Editorial - Energy

Hello Dear Reader, and welcome to Issue 7 of Consilience.

This issue is devoted to the myriad and multitudinous forms of energy.

Energy is ubiquitous in nature. The universe would not exist without it. And we would not exist without the universe. In both the scientific and artistic realms, it was the investigation into what energy is that led to some of the greatest revolutions of the 20th century. It was then that we realised energy transferred ‘quanta’ or discrete packets. No longer in the continuous sense of an electromagnetic wave or in classical physics, but with a novel assumption: a whole universe revealed beyond our sense perceptions.

Here, the thermodynamics of a body follows specific rules, like entropy (the disorder of energy states) increasing over time. If you want to move a train, you need energy. If you're going to use a computer, you need energy. If you're going to have a thought, energy is required in the neural network of your mind. We are energy. The perpetual vibration of atoms and matter, cells and neurons, food and movement, continued onward from eternity to eternity. Moments are integrated. Verses are written. Upon the stones of memory, history is spilled.

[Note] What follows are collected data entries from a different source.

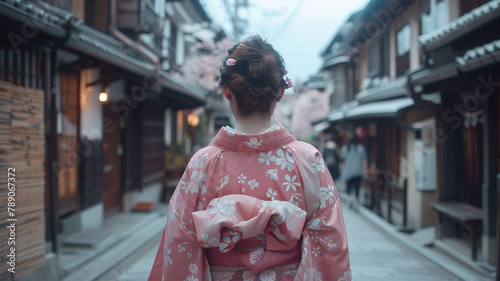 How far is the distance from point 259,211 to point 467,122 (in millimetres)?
6984

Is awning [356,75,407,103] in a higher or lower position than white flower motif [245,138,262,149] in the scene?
higher

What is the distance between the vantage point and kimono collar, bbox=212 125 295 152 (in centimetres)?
213

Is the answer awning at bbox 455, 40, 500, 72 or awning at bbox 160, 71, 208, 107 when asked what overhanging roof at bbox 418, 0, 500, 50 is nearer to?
awning at bbox 455, 40, 500, 72

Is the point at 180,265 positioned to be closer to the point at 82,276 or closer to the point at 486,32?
the point at 82,276

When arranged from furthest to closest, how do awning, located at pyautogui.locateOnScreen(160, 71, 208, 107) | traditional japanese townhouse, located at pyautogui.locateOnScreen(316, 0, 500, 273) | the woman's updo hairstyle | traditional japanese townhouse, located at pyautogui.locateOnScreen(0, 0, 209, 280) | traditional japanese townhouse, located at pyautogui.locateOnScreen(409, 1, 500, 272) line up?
1. awning, located at pyautogui.locateOnScreen(160, 71, 208, 107)
2. traditional japanese townhouse, located at pyautogui.locateOnScreen(316, 0, 500, 273)
3. traditional japanese townhouse, located at pyautogui.locateOnScreen(409, 1, 500, 272)
4. traditional japanese townhouse, located at pyautogui.locateOnScreen(0, 0, 209, 280)
5. the woman's updo hairstyle

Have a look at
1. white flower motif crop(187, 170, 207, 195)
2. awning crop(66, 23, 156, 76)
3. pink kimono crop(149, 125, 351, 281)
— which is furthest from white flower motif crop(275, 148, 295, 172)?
awning crop(66, 23, 156, 76)

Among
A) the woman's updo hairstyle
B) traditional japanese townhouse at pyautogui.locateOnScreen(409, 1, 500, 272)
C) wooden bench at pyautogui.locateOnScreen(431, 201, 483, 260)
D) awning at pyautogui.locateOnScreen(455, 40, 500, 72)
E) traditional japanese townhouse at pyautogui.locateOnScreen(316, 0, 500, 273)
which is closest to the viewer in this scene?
the woman's updo hairstyle

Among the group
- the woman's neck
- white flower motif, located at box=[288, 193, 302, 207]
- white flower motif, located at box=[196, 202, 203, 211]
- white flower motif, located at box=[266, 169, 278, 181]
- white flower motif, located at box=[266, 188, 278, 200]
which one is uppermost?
the woman's neck

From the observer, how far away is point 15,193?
4312mm

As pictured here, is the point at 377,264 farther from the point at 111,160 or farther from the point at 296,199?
the point at 111,160

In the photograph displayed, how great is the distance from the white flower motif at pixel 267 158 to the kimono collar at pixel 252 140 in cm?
3

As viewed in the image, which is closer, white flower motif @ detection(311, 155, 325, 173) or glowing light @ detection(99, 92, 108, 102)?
white flower motif @ detection(311, 155, 325, 173)

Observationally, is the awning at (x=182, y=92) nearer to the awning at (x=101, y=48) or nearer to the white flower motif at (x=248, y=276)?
the awning at (x=101, y=48)

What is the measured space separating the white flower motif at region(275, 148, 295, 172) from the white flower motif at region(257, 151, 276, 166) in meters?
0.03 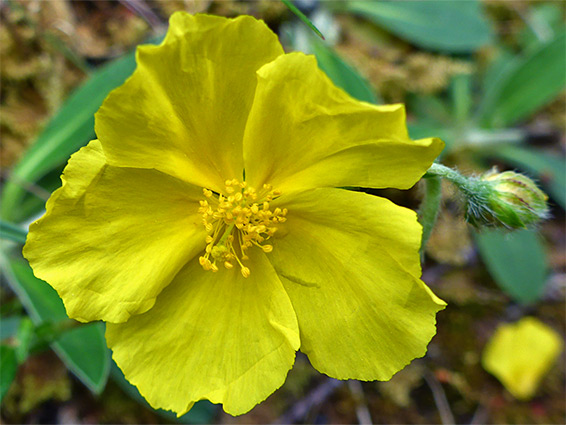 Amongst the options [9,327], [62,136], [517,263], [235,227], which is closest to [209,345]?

All life is the flow and transformation of energy. All art is the flow and transformation of life. So here we are again, at the Möbius strip of creation. The poetry of nature comes from these idyllic interactions, too, from the great cathedral of being. Like the poetry of the human species, energy is never created nor lost but only transformed from one form to another. The poet transforms the soul and life stories, integrating the beautiful and ugly and sorrowful and loving, into verse. Whether it be the movement of dancers in a ballet, the dance of the pen upon the page, or the merging of cells and the growth of the cosmos, there lies energy and its movement. A poem is a kind of ballet, with symphonic form and metaphor and illuminating lines.

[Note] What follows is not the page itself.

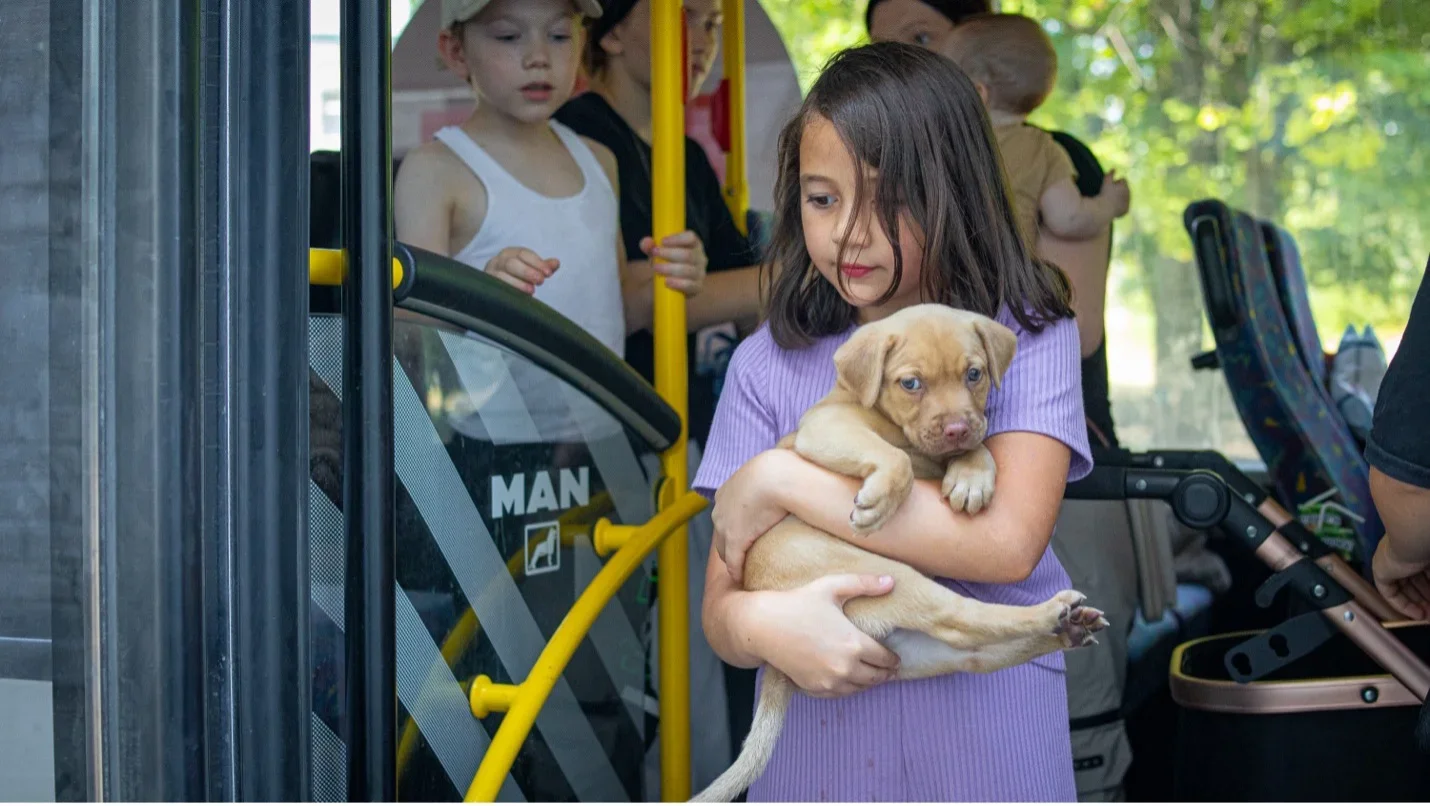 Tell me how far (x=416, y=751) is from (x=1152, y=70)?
4.11 m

It is the soul crying only to be heard. The painting with words submerges the reader into a distance so close that one doesn't realise it until the poem is read, stored, and transferred. Only then is the energy of our minds and souls reformed into something new—something courageous and profound.

In this issue, you will find poetry and artwork that touches upon the many faces of energy and hence the many hearts of the profound. We hope you enjoy these pieces as much as we have.